During Covid-19, QR codes made a comeback. For example, rather than seeing a physical menu at a local restaurant, servers asked patrons to scan a QR code at the table to access the restaurant’s menu. Unfortunately, cybercriminals saw this as an opportunity to use QR codes to scam users.
Since 2022, the FBI has warned that fake QR code scams are rising. So, here’s everything you need to know about QR scams so you can protect yourself and your data.
What is a QR code?
A QR code, also known as a Quick Response code, is a unique code of black and white squares. These codes are scanned with an app or your phone and link users to data and information on the internet.
QR Code Scams
Here are some of the most common QR code scams to be aware of.
A phishing attack is when a cybercriminal poses as a person or organization you trust to get personal data from you.

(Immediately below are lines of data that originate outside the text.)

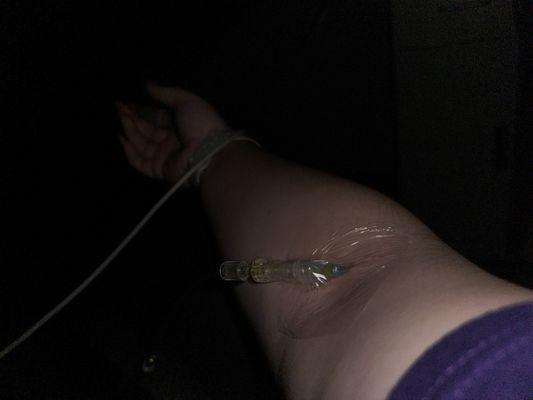 Iv therapy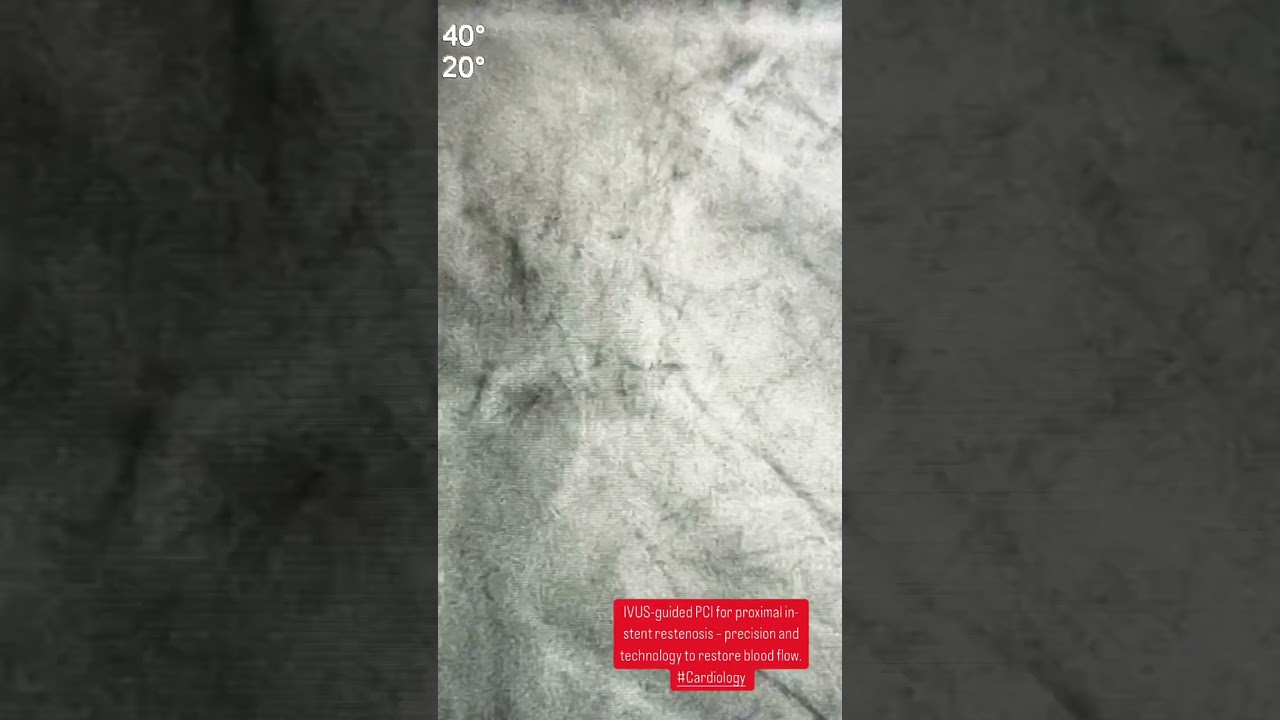 "IVUS-guided PCI for proximal in-stent restenosis – precision and technology to restore blood flow.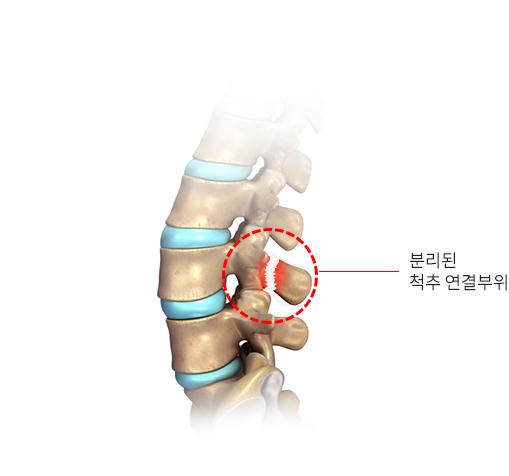 분리된 척추 연결부위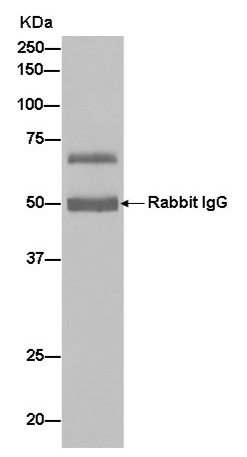 Immunoprecipitation - Anti-PCSK9 antibody [EPR7627(2)] - BSA and Azide free (AB238995)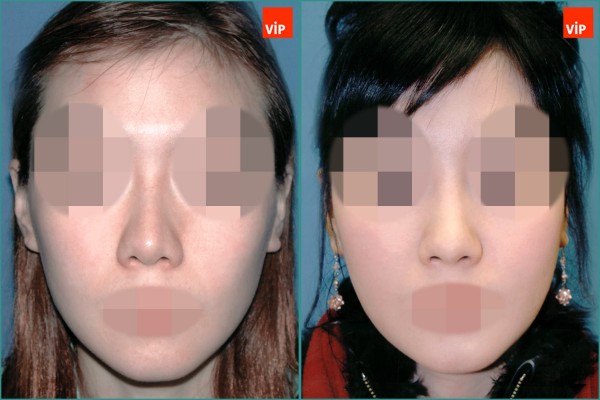 Nose Surgery - Septal cartilage rhinoplasty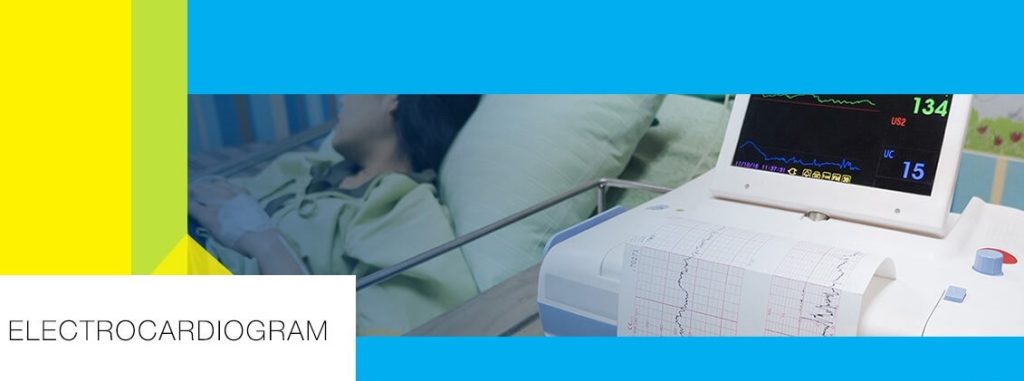 دستگاه الکتروکاردیوگرام (ECG)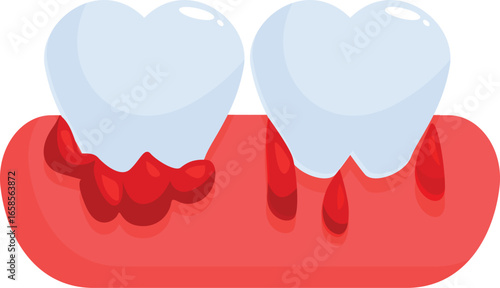 Periodontal disease causing bleeding gums and gingivitis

For example, a phishing QR code may take you to a fake website that appears to be a trustworthy organization but was created to steal your login information so they can access your data and steal from you. For example, you may see a phishing QR code in public at a restaurant or gas station, but it can also be in an email or a letter.
In a malware attack, cybercriminals use QR codes to embed links to web pages containing viruses and other malware. When you scan the fraudulent QR code, you can accidentally give access to malware to damage your device or start tracking you and the information on your device.
Now, there are places where you can access payment sites through a QR code. For example, some gas stations, restaurants, and parking meters direct consumers to a payment website via a QR code.
Cybercriminals sometimes cover up the original QR code with their fraudulent QR code to have you pay them instead of the correct vendor for goods or services.
How to Protect Yourself From QR Code Scams
The best way to protect yourself from QR code scams is to avoid scanning QR codes you don’t trust.
However, with cybercriminals being stealthy, it’s not always easy to know which QR codes you can trust and which ones you can’t. Here are some specific ways to protect yourself from QR code scams:
- According to the Better Business Bureau, it’s helpful to download a QR scanner with built-in security features, such as the Kaspersky QR Scanner.
- If you scan a QR code, check the URL before taking action or clicking on any links. If the web address doesn’t make sense with the company you thought you were scanning a QR code through, avoid clicking any links, and close the page.
- Install antivirus software on your devices. If you accidentally scan a malicious QR code, you’ll be better protected against potential malware if you have installed antivirus software.
- If you come across a QR code and are unsure whether you can trust it, try to look for information that you can type in manually first. For example, if you are at a parking meter, instead of scanning the QR code, try searching for a website that you can manually enter to make your payment. While it may take a few more seconds, it will save you time to unwind a fraudulent charge in the long run.
Next Steps if You Fall for a QR Code Scam
Even the most careful people can fall victim to scams from time to time. If that happens to you, here are the steps you should take immediately after realizing you may have fallen victim to a QR code scam:
- Start by contacting your bank account and informing them that you think your data may be at risk. They will block your account so money cannot be taken from your account.
- Download antivirus software and run a virus scan to ensure your device doesn’t have malware.
- If you think the site may have stolen sensitive information, such as passwords or usernames, make sure you log into your accounts and change your passwords immediately. Furthermore, if you use the same username or password on any other accounts, make sure you change those.